This is only the tip of the iceberg. Do not feel limited to using amend and insert as ending functions. A whole host of others could be useful: join functions, merge functions, even setNames.
Here, we will suffix the names of all the variables within the context of a chain.
example %>%
mutate(group = group + 1) %>%
loop$begin() %>%
names %>%
paste0("Suffix") %>%
loop$end(setNames) %>%
kable
| idSuffix | toFixSuffix | groupSuffix |
|---|---|---|
| 1 | 0 | 2 |
| 2 | 0 | 2 |
| 3 | 1 | 2 |
| 4 | 1 | 1 |
Here, we will double the data.
example %>%
mutate(replication = 1) %>%
loop$begin() %>%
mutate(replication = 2) %>%
loop$end(bind_rows) %>%
kable
| id | toFix | group | replication |
|---|---|---|---|
| 1 | 0 | 1 | 1 |
| 2 | 0 | 1 | 1 |
| 3 | 1 | 1 | 1 |
| 4 | 1 | 0 | 1 |
| 1 | 0 | 1 | 2 |
| 2 | 0 | 1 | 2 |
| 3 | 1 | 1 | 2 |
| 4 | 1 | 0 | 2 |
Loops within loops are in fact quite possible.

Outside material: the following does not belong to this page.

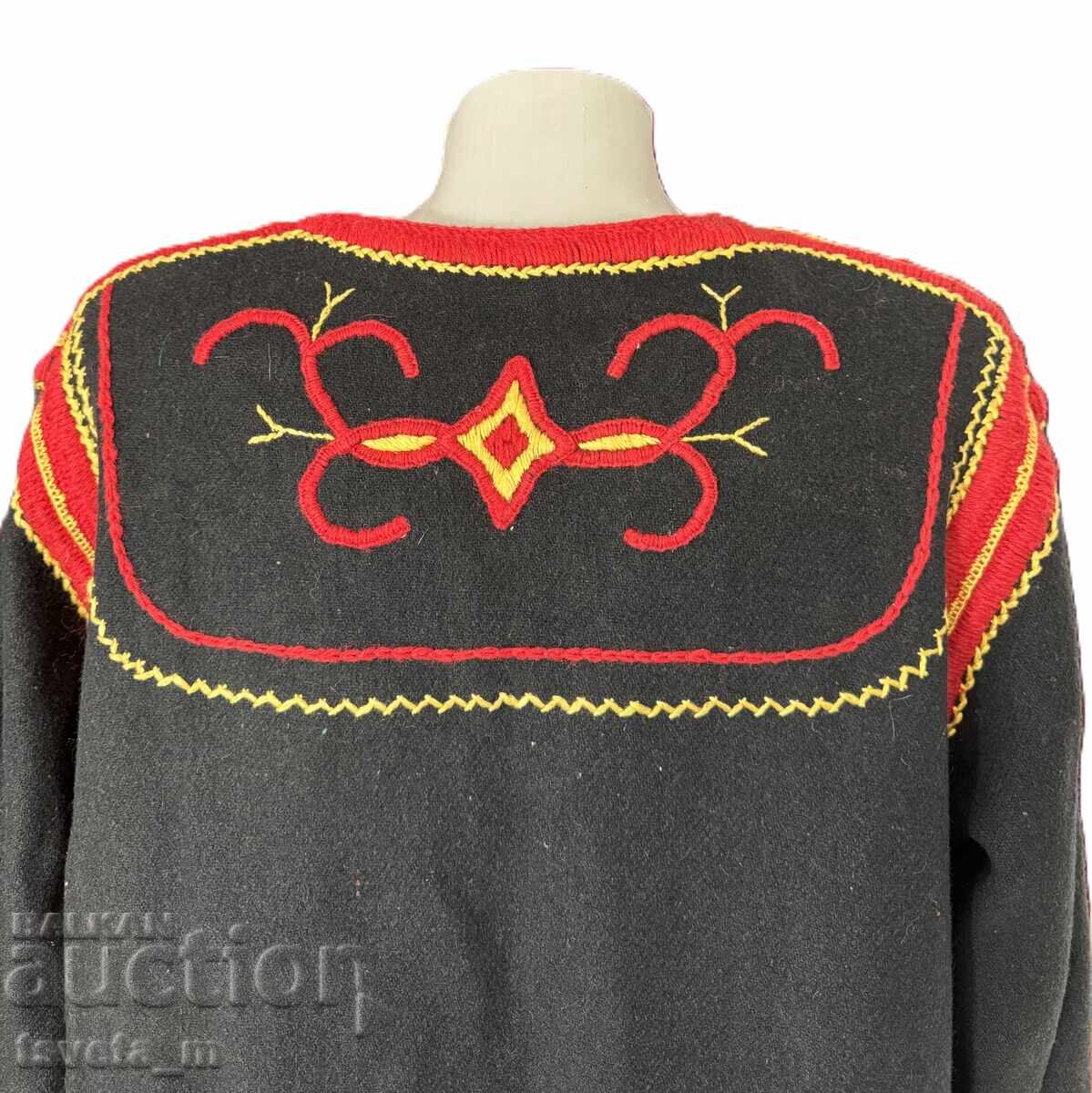 Woolen women's outerwear with hand-embroidered folk costume - 7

I would be cautious using them. It can be exhilarating, but make sure to indent each loop carefully. Also, it is a good idea to give a name to each loop. This allows one to interpret loop$stack for debugging. Here is a quick example that filters the data, replicates the columns, and then re-merges.
example %>%
loop$begin(name = "original") %>%
filter(group == 1) %>%
loop$begin(name = "filtered") %>%
names %>%
paste0("Extra") %>%
loop$end(setNames) %>%
rename(id = idExtra) %>%
loop$end(amend, by = "id") %>%
kable
## Joining by: "id"
| id | toFix | group | toFixExtra | groupExtra |
|---|---|---|---|---|
| 1 | 0 | 1 | 0 | 1 |
| 2 | 0 | 1 | 0 | 1 |
| 3 | 1 | 1 | 1 | 1 |
| 4 | 1 | 0 | NA | NA |